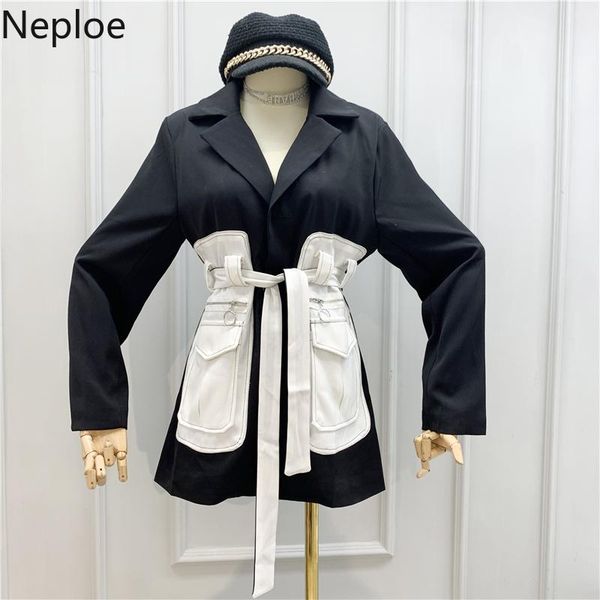 women's suits & blazers neploe 2021 spring notched neck full sleeve patchwork pocket black blazer korea style fashion trend coats 4995, White;black
women's suits & blazers neploe 2021 spring notched neck full sleeve patchwork pocket black blazer korea style fashion trend coats 4995, White;black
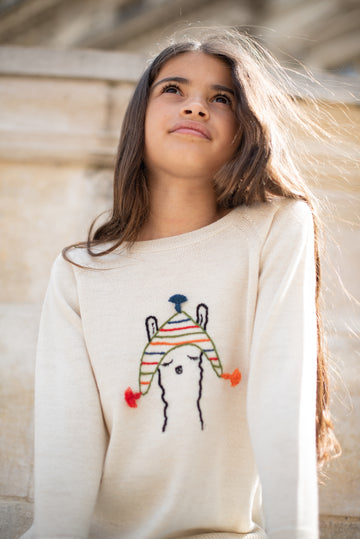 Suéter de lana de alpaca para niñas bordado a mano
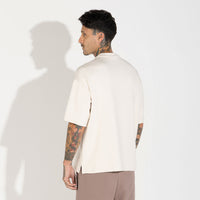 Camiseta Oversized Dense Viscose Masculina - Off Vanilla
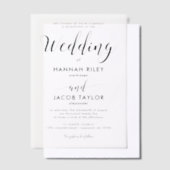 Invitations En Vélin Calligraphie noire élégante Mariage élégant (Compenser)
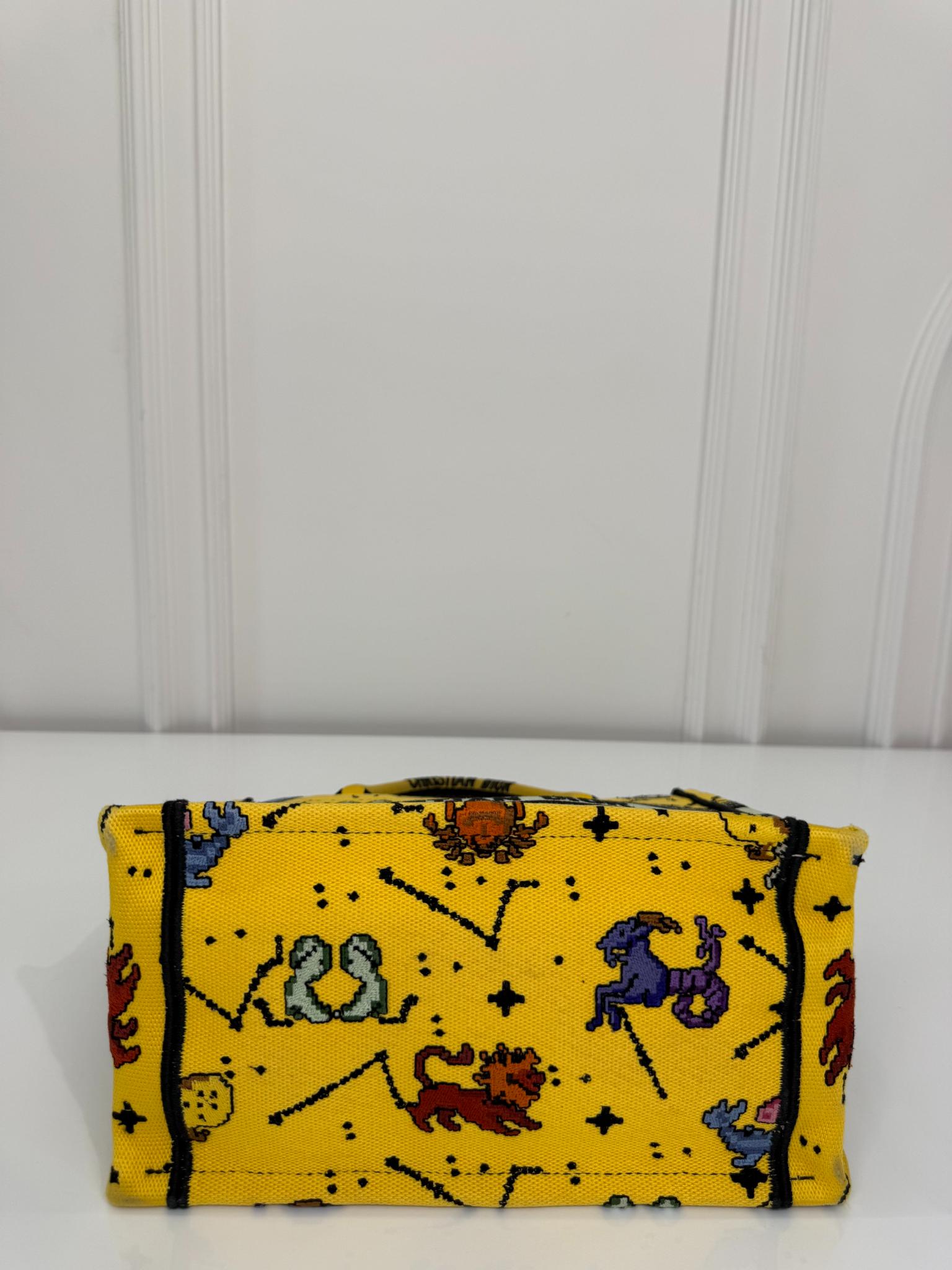 Christian Dior Canvas Embroidered Small Pixel Zodiac Book Tote Yellow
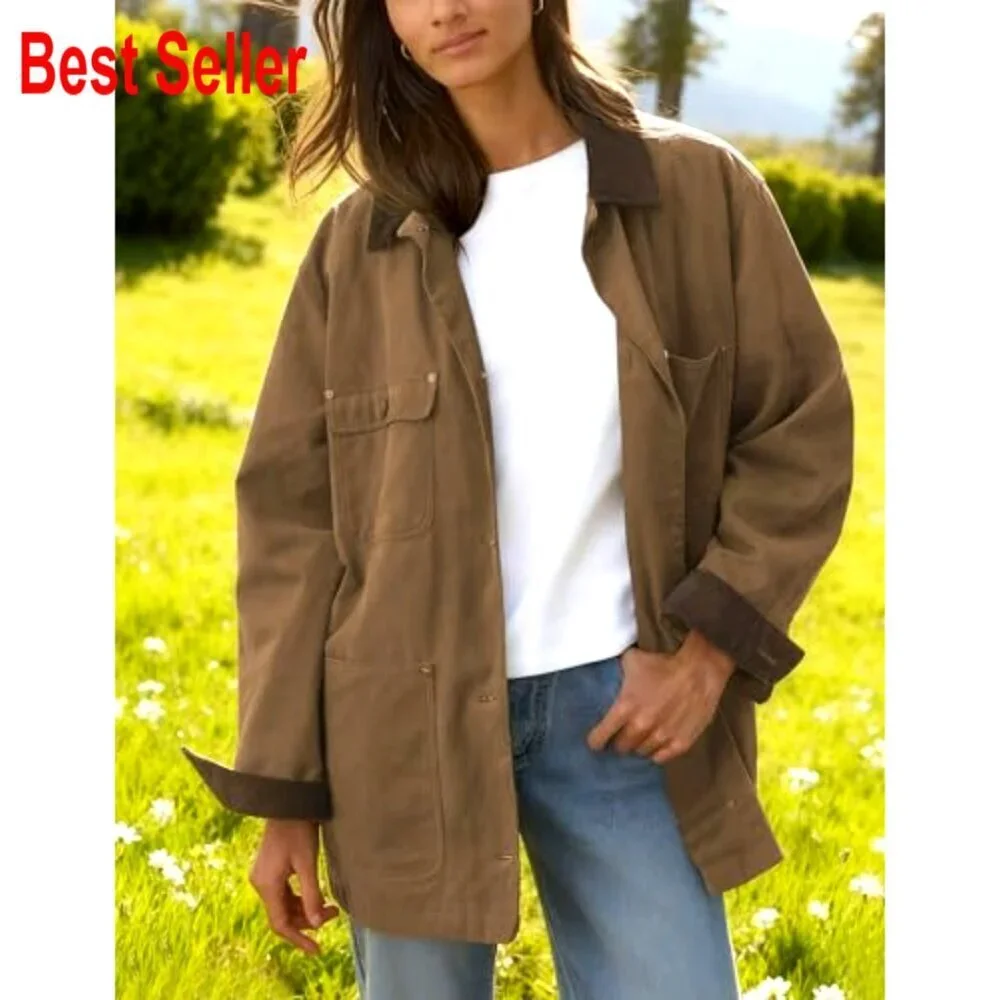 Oversized Utility Barn Jacket Corduroy Collar Vintage Workwear with Pockets - Picture 4 of 7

________________________________________

Your objective> Output exactly and only the lines from the line containing "Invitations En Vélin" to the end of the entries, both included, and omit every picture.

Result for this task>
 Invitations En Vélin Calligraphie noire élégante Mariage élégant (Compenser)
 Christian Dior Canvas Embroidered Small Pixel Zodiac Book Tote Yellow
 Oversized Utility Barn Jacket Corduroy Collar Vintage Workwear with Pockets - Picture 4 of 7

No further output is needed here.